Need to calculate the average of cost based on a per fiscal week basis - sql

I hope someone can help with this issue I have, which is I am trying to work out a weekly average from the following data example:
Practice ID Cost FiscalWeek
1 10.00 1
1 33.00 2
1 55.00 3
1 18.00 4
1 36.00 5
1 24.00 6
13 56.00 1
13 10.00 2
13 24.00 3
13 30.00 4
13 20.00 5
13 18.00 6
What I want is to group by the Practice ID but work out the average for each practice (there are over 500 of these not just those above) and work this out for each week so for example at Week 1 there will be no average, but Week 2 will be the average of Weeks 1 and 2, then Week 3 will be the average of Weeks 1, 2 and 3 and then so on. I need to then show this by Practice ID and for each Fiscal Week.
At the moment I have some code that is not pretty and there has to be an easier way, this code is:
I pass all the data into a table variable then using a CTE I then use case statements to set each individual week like:
CASE WHEN fiscalweek = 1 THEN cost ELSE 0 END AS [1],
CASE WHEN fiscalweek = 2 THEN cost ELSE 0 END AS [2],
CASE WHEN fiscalweek = 3 THEN cost ELSE 0 END AS [3]
This would then bring back the week 1 cost and so on into it's own column e.g. 1, 2, 3 etc. , then I've used a second CTE to sum the columns for each week so for example to work out week 6 I would use this code:
sum([1]) as 'Average Wk 1',
sum([1]+[2])/2 as 'Average Wk 2',
sum([1]+[2]+[3])/3 as 'Average Wk 3',
sum([1]+[2]+[3]+[4])/4 as 'Average Wk 4',
sum([1]+[2]+[3]+[4]+[5])/5 as 'Average Wk 5'
sum([1]+[2]+[3]+[4]+[5]+[6])/6 as 'Average Wk 6'
I've thought about various different ways of working out this average accurately in T-SQL so I can then drop this into SSRS eventually. I've thought about using a While..Loop, Cursor but failing to see an easy way of doing this.

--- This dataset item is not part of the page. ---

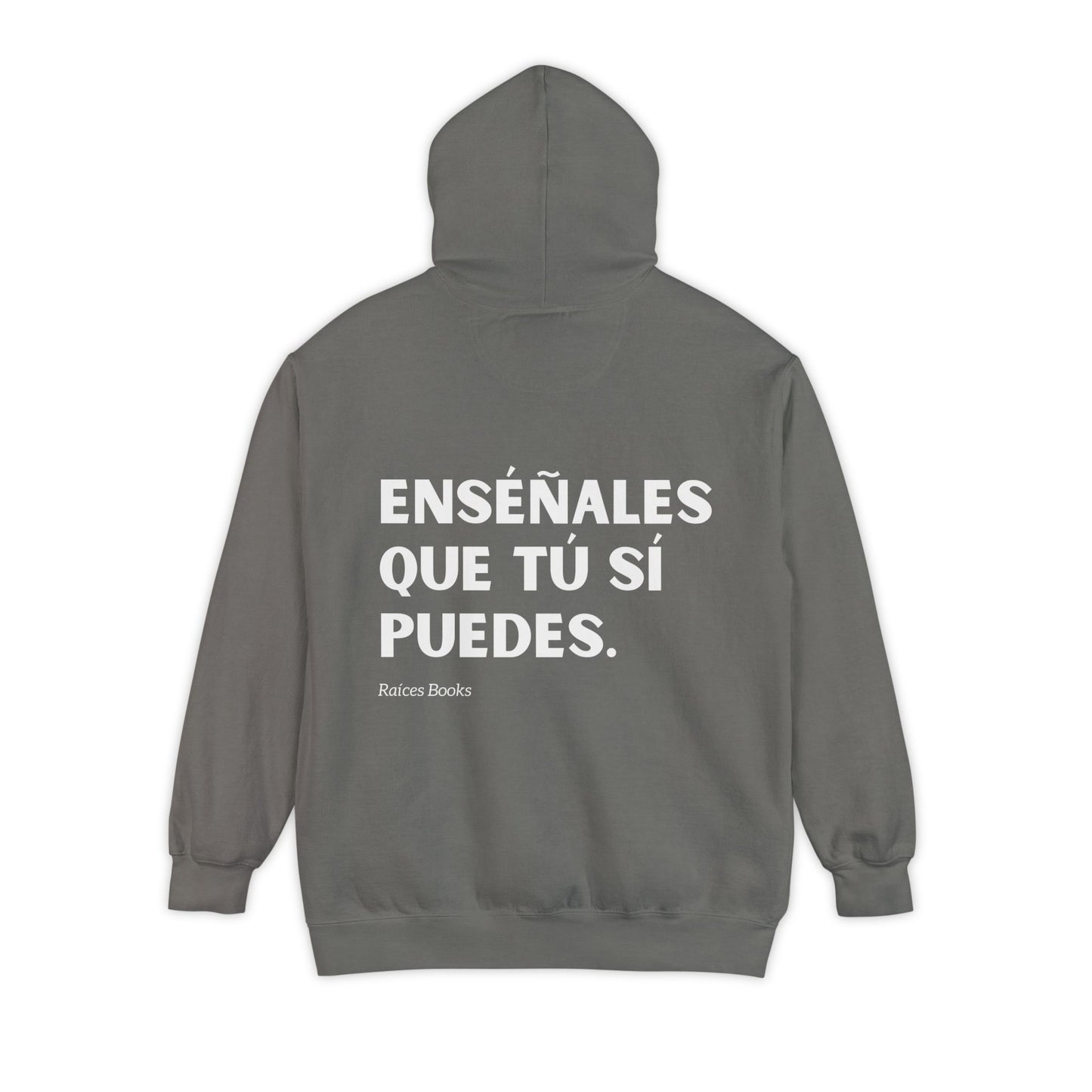 Garment-Dyed Hoodie - Show Them That You Can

You are looking for the cumulative average of the averages. In databases that support window/analytic functions, you can do:
select fiscalweek, avg(cost) as avgcost,
avg(avg(cost)) over (order by fiscalweek) as cumavg
from practices p
group by fiscalweek
order by 1;
If you don't have window functions, then you need to use some form of correlated subquery or join:
select p1.fiscalweek, avg(p1.avgcost)
from (select fiscalweek avg(cost) as avgcost
from practices p
group by fiscalweek
) p1 join
(select fiscalweek avg(cost) as avgcost
from practices p
group by fiscalweek
) p2
on p12 <= p1
group by p1.fiscalweek
order by 1;
I do want to caution you that you are calculating the "average of averages". This is different from the cumulative average, which could be calculated as:
select fiscalweek,
(sum(sum(cost)) over (order by fiscalweek) /
sum(count(*)) over (order by fiscalweek)
) avgcost
from practices p
group by fiscalweek
order by 1;
One treats every week as one data point in the final average (what you seem to want). The other weights each week by the number of points during the week (the latter solution). These can produce very different results when weeks have different numbers of points.

I dont know If I fully understand the question:But Try Executing this: should help you:
create table #practice(PID int,cost decimal,Fweek int)
insert into #practice values (1,10,1)
insert into #practice values (1,33,2)
insert into #practice values (1,55,3)
insert into #practice values (1,18,4)
insert into #practice values (1,36,5)
insert into #practice values (1,24,6)
insert into #practice values (13,56,1)
insert into #practice values (13,10,2)
insert into #practice values (13,24,3)
insert into #practice values (13,30,4)
insert into #practice values (13,20,5)
insert into #practice values (13,18,6)
select * from #practice
select pid,Cost,
(select AVG(cost) from #practice p2 where p2.Fweek <= p1.Fweek and p1.pid = p2.pid) WeeklyAVG,
Fweek,AVG(COST) over (Partition by PID) as PIDAVG
from #practice p1;

I think this would work:
SELECT t1.pid,
t1.fiscalweek,
(
SELECT SUM(t.cost)/COUNT(t.cost)
FROM tablename AS t
WHERE t.pid = t1.pid
AND t.fiscalweek <= t1.fiscalweek
) AS average
FROM tablename AS t1
GROUP BY t1.pid, t1.fiscalweek
EDIT
To take into account for fiscal weeks without an entry you can simply exchange
SELECT SUM(t.cost)/COUNT(t.cost)
for
SELECT SUM(t.cost)/t1.fiscalweek
to calculate from week 1 or
SELECT SUM(t.cost)/(t1.fiscalweek - MIN(t.fiscalweek) + 1)
to calculate from the first week of this practice.
If all practice averages should start the same week (and not necessarily week no 1) then you'd have to find the minimum of all week numbers.
Also, this won't work if you're calculating across multiple years, but I assume that is not he case.

Related

SQL Divide previous row balance by current row balance and insert that value into current rows column "Growth"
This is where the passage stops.